Igor Souza, 40, morador da zona leste
Por meio de nota, o Metrô, responsável pela linha 15 – prata, afirma que “a quantidade de INs (Incidentes Notáveis) teve diminuição significativa nos últimos anos.
“No primeiro trimestre de 2023, a linha registrou 2,25 INs por milhão de km percorrido, ante 4,3 no mesmo período de 2019”, diz a empresa, que cita que a entrega de novas estações deve ser levada em conta ao calcular as ocorrências.
“Visto que os INs, em qualquer linha de metrô, é proporcional a quantidade de quilômetros percorridos e passageiros transportados, a linha 15 está dentro do padrão internacional de metrôs”, avalia.
Para o coordenador do grupo Rede Mobilidade Periferias da Unifesp (Universidade Federal de São Paulo), Ricardo Barbosa, os problemas do monotrilho são fruto das escolhas do Metrô.
“Refletem um planejamento que não priorizou o interesse coletivo, mas aos interesses empresariais e de lucro.
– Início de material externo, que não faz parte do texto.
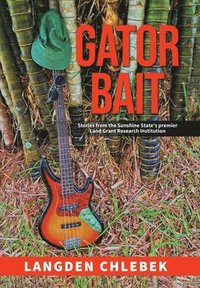 bokomslag Gator Bait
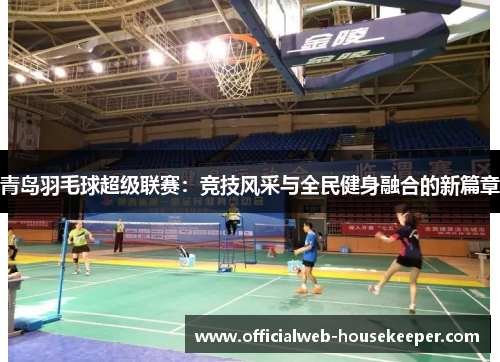 青岛羽毛球超级联赛：竞技风采与全民健身融合的新篇章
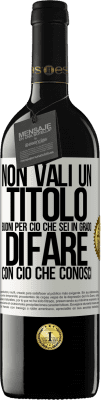 39,95 € Spedizione Gratuita | Vino rosso Edizione RED MBE Riserva Non vali un titolo. Buoni per ciò che sei in grado di fare con ciò che conosci Etichetta Bianca. Etichetta personalizzabile Riserva 12 Mesi Raccogliere 2016 Tempranillo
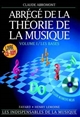 Abrégé de la théorie de la musique : Vol. 1 : Les bases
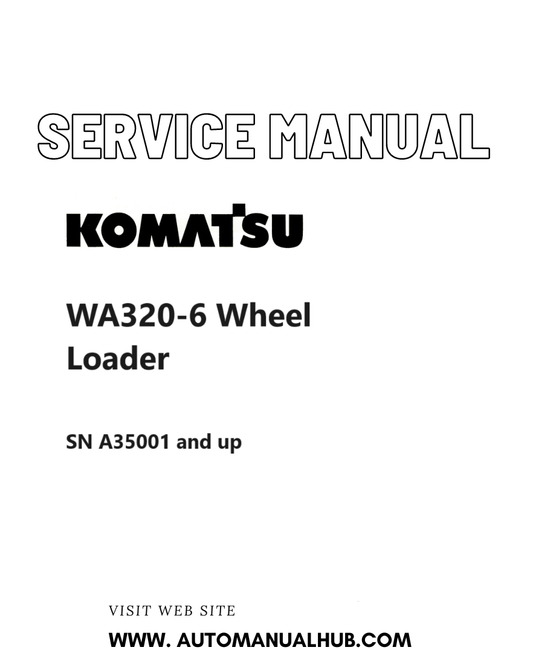 Komatsu WA320-6 Wheel Loader Service And Repair Manual SN A35001 and up PDF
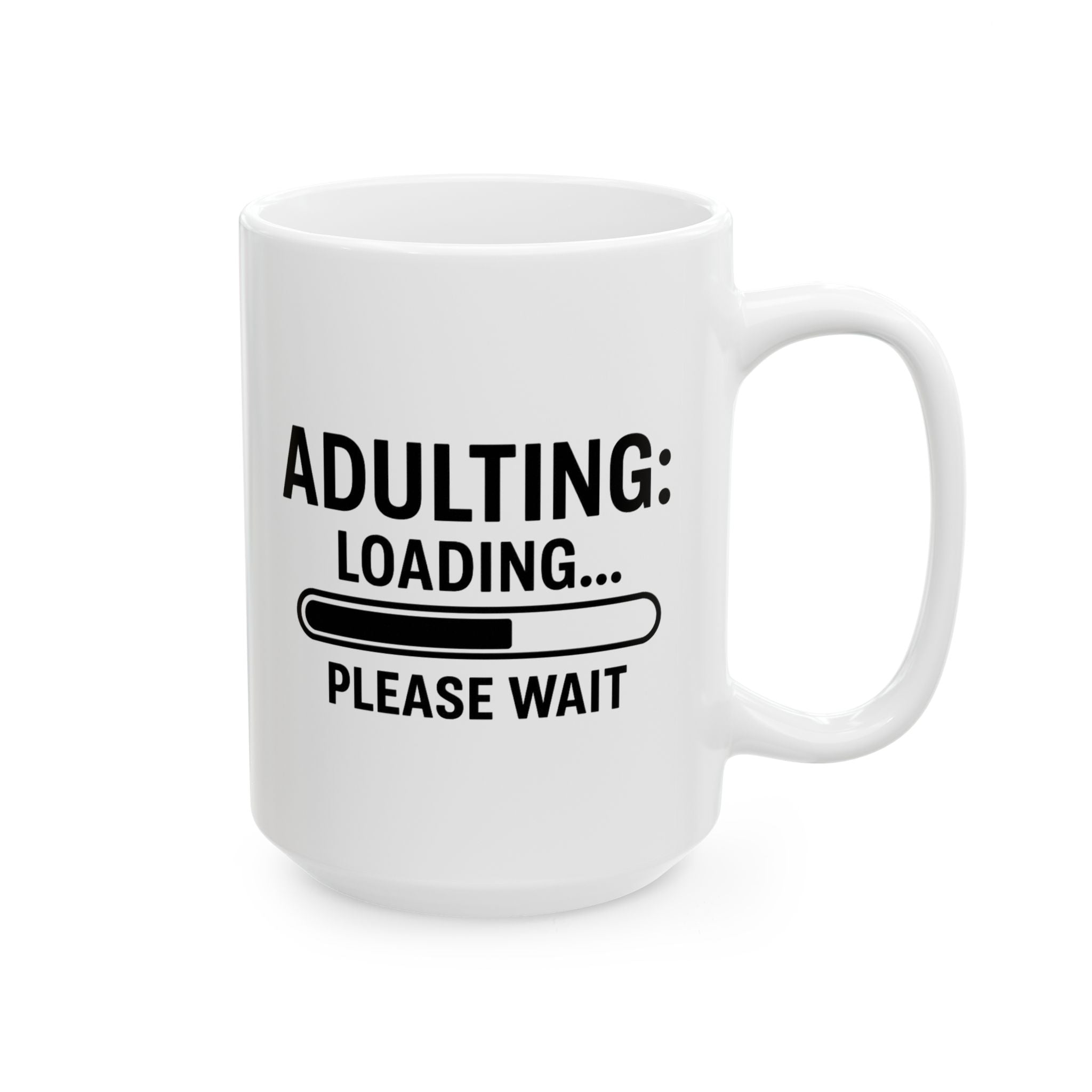 Funny Adulting Loading Ceramic Mug - Coffee Lover Gift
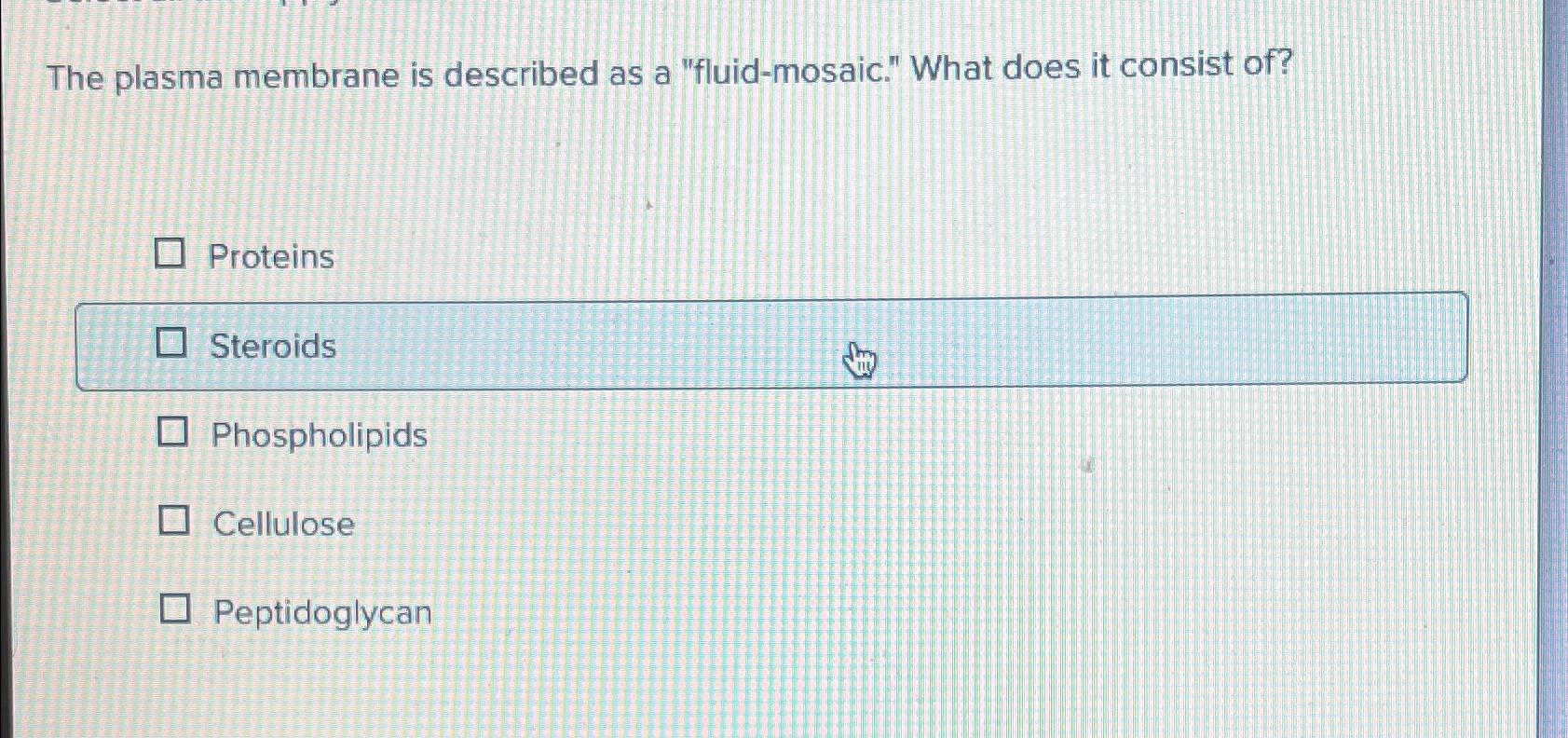 Solved The plasma membrane is described as a "fluid-mosaic." | Chegg.com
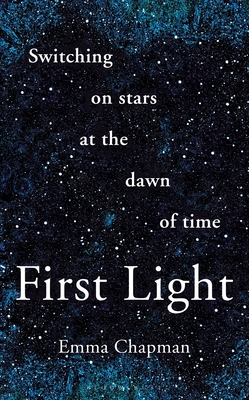 First Light: Switching on Stars at the Dawn of Time - Emma Chapman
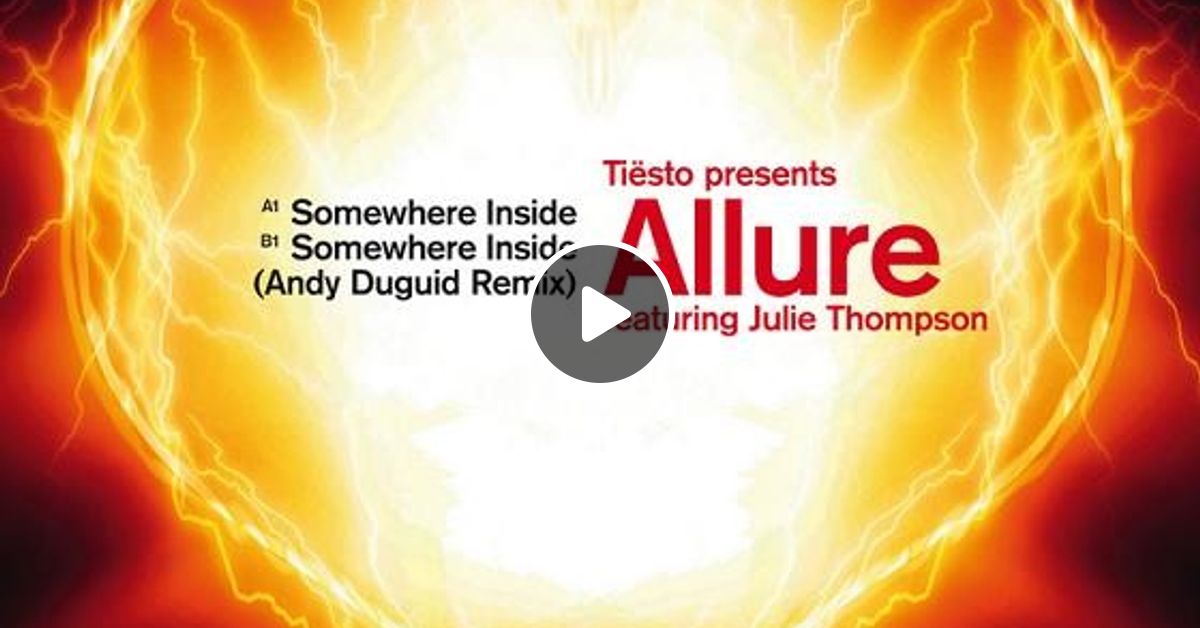 Allure Feat Julie Thompson Somewhere Inside Of Me By Techno Mixed Mixcloud One life alone, oh somehow it's made for me what do i do? allure feat julie thompson somewhere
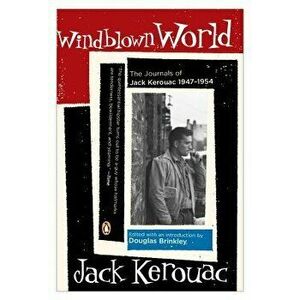Windblown World: The Journals of Jack Kerouac 1947-1954, Paperback - Jack Kerouac imagine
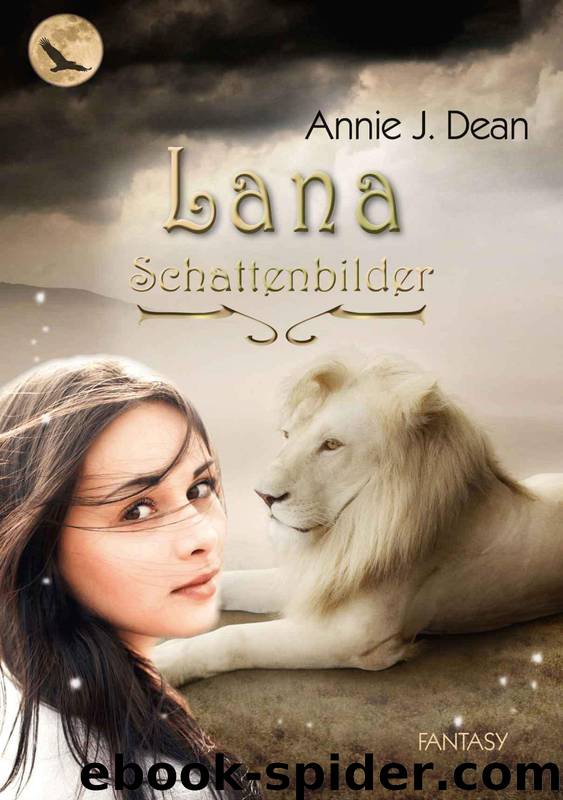 Lana - Schattenbilder by Annie J. Dean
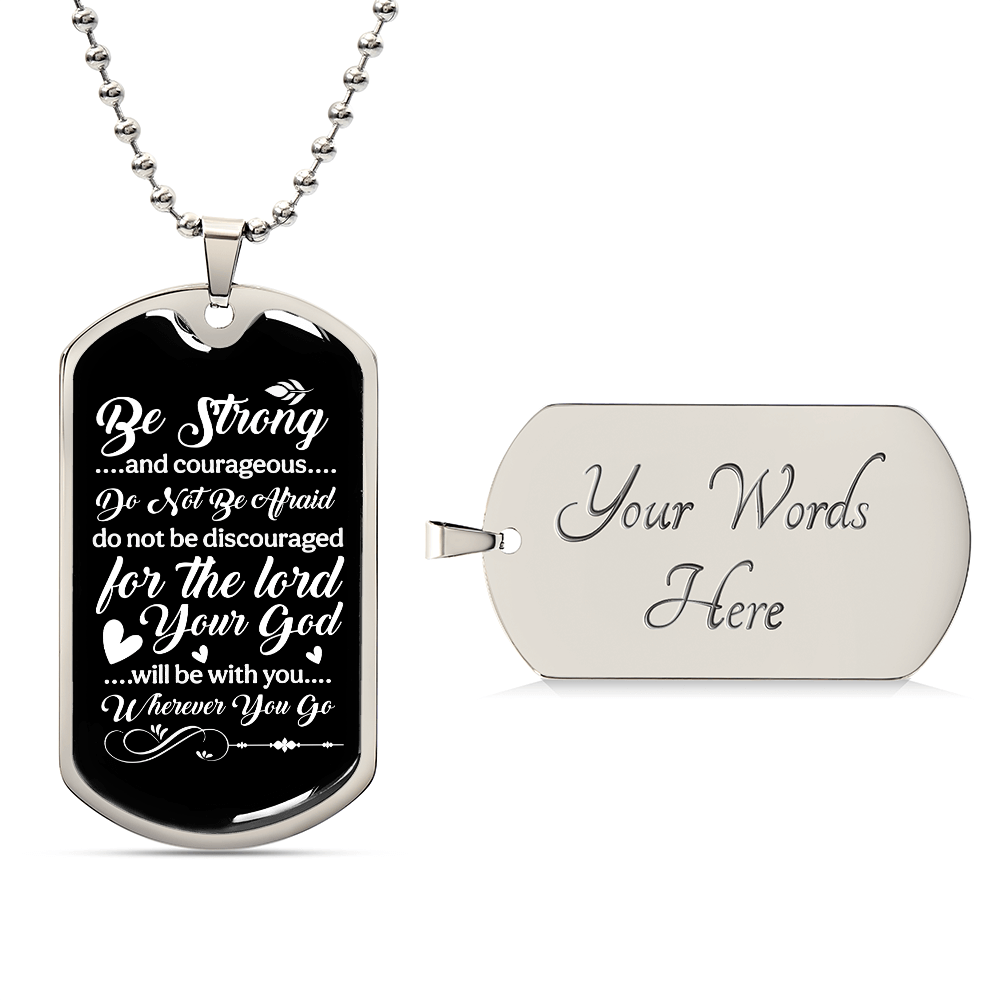 Be strong and Courageous Luxury Graphic Dog Tag Necklace - Beauty Belliss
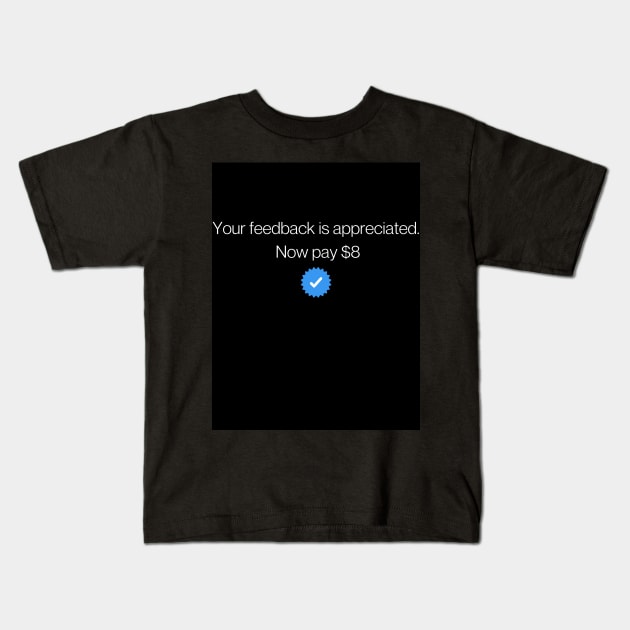 Now pay $8 Elon Musk Twitter Meme Kids T-Shirt by WonderfulHumans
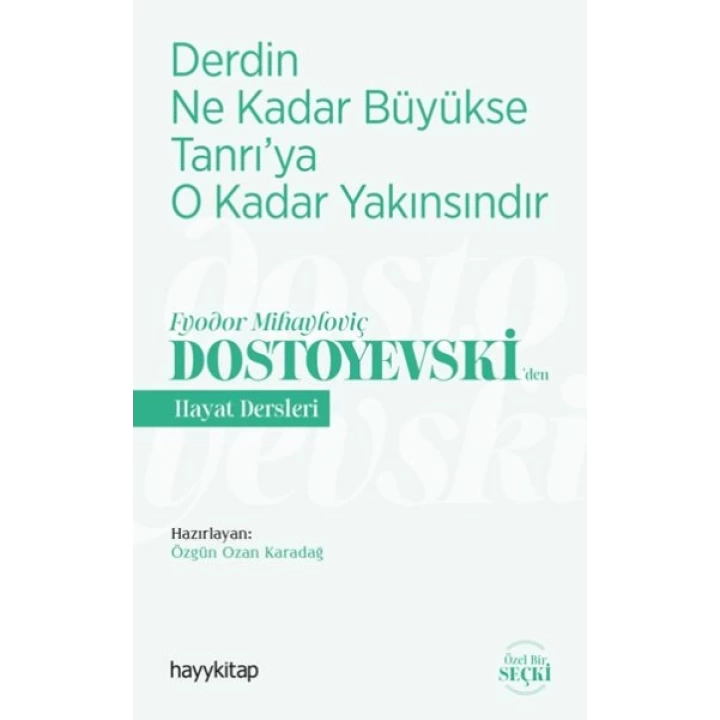 Derdin Ne Kadar Büyükse Tanrıya O Kadar Yakınsındır-Fyodor Mihayloviç Dostoyevski‘den Hayat Dersleri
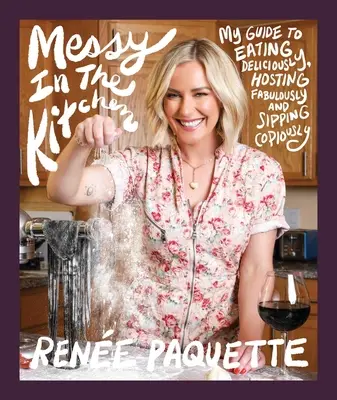 Neporiadok v kuchyni: Kuchyňa: Môj sprievodca chutným jedlom, skvelým hostiteľstvom a hojným popíjaním - Messy in the Kitchen: My Guide to Eating Deliciously, Hosting Fabulously and Sipping Copiously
Porque se não fosse assim não teriam tantos problemas, até mesmo, de condições adequadas de trabalho aos seus funcionários”, argumenta.
Barbosa se refere que a escolha pelo monotrilho desconsiderou a experiência do Metrô no transporte sob trilhos subterrâneos, sendo necessário a assimilação de uma nova tecnologia e novas operações de trabalho. O especialista acrescenta que esse tipo de transporte leva menos passageiros que o metrô.
“O monotrilho quando chegar na Cidade Tiradentes, não dará conta da demanda da população do bairro, considerando o maior conjunto habitacional da América Latina e lugar extremamente populoso”.
De acordo com informações do Metrô, o monotrilho transporta cerca de 110 mil pessoas por dia entre São Mateus e Vila Prudente. As projeções da companhia indicam que 550 mil usuários utilizem o modal entre Cidade Tiradentes e Vila Prudente.